Your assignment >>
Word for word, please restate the line containing "Image of Sara" and all the lines that follow it to the end of the data.

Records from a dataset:
=== Begin Enclosure ===
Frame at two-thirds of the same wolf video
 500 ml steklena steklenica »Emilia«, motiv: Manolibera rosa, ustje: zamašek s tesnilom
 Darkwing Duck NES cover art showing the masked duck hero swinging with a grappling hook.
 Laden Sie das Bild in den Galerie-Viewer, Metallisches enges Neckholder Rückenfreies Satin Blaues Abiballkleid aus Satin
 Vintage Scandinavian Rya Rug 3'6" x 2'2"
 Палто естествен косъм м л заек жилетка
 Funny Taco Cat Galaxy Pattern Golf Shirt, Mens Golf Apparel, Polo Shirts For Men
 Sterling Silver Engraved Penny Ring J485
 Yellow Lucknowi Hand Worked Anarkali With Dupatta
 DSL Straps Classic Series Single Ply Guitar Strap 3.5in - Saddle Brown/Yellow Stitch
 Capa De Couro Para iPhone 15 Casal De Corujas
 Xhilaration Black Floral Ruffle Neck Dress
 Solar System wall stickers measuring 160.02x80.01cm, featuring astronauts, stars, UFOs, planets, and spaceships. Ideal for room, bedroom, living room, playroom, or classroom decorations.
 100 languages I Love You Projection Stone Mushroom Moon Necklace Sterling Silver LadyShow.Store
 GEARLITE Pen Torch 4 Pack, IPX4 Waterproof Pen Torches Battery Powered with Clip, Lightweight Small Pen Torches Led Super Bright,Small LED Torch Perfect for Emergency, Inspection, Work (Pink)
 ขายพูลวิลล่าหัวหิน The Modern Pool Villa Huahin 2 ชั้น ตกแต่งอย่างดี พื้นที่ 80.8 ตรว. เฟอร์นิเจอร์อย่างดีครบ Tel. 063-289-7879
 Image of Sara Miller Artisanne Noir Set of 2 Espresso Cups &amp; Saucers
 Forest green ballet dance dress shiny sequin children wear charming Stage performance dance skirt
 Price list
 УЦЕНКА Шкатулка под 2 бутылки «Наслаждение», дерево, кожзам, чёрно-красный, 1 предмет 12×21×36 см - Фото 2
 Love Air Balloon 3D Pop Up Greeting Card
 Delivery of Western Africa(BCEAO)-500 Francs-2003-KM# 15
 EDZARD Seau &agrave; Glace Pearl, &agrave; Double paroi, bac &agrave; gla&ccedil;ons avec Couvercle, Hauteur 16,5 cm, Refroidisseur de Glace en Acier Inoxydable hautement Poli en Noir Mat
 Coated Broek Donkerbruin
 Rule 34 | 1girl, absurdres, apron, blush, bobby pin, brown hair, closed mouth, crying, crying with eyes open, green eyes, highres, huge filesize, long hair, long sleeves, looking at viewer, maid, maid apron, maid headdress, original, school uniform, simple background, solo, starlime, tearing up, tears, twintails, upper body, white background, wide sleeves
=== End Enclosure ===
Answer to this problem >>
 Image of Sara Miller Artisanne Noir Set of 2 Espresso Cups &amp; Saucers
 Forest green ballet dance dress shiny sequin children wear charming Stage performance dance skirt
 Price list
 УЦЕНКА Шкатулка под 2 бутылки «Наслаждение», дерево, кожзам, чёрно-красный, 1 предмет 12×21×36 см - Фото 2
 Love Air Balloon 3D Pop Up Greeting Card
 Delivery of Western Africa(BCEAO)-500 Francs-2003-KM# 15
 EDZARD Seau &agrave; Glace Pearl, &agrave; Double paroi, bac &agrave; gla&ccedil;ons avec Couvercle, Hauteur 16,5 cm, Refroidisseur de Glace en Acier Inoxydable hautement Poli en Noir Mat
 Coated Broek Donkerbruin
 Rule 34 | 1girl, absurdres, apron, blush, bobby pin, brown hair, closed mouth, crying, crying with eyes open, green eyes, highres, huge filesize, long hair, long sleeves, looking at viewer, maid, maid apron, maid headdress, original, school uniform, simple background, solo, starlime, tearing up, tears, twintails, upper body, white background, wide sleeves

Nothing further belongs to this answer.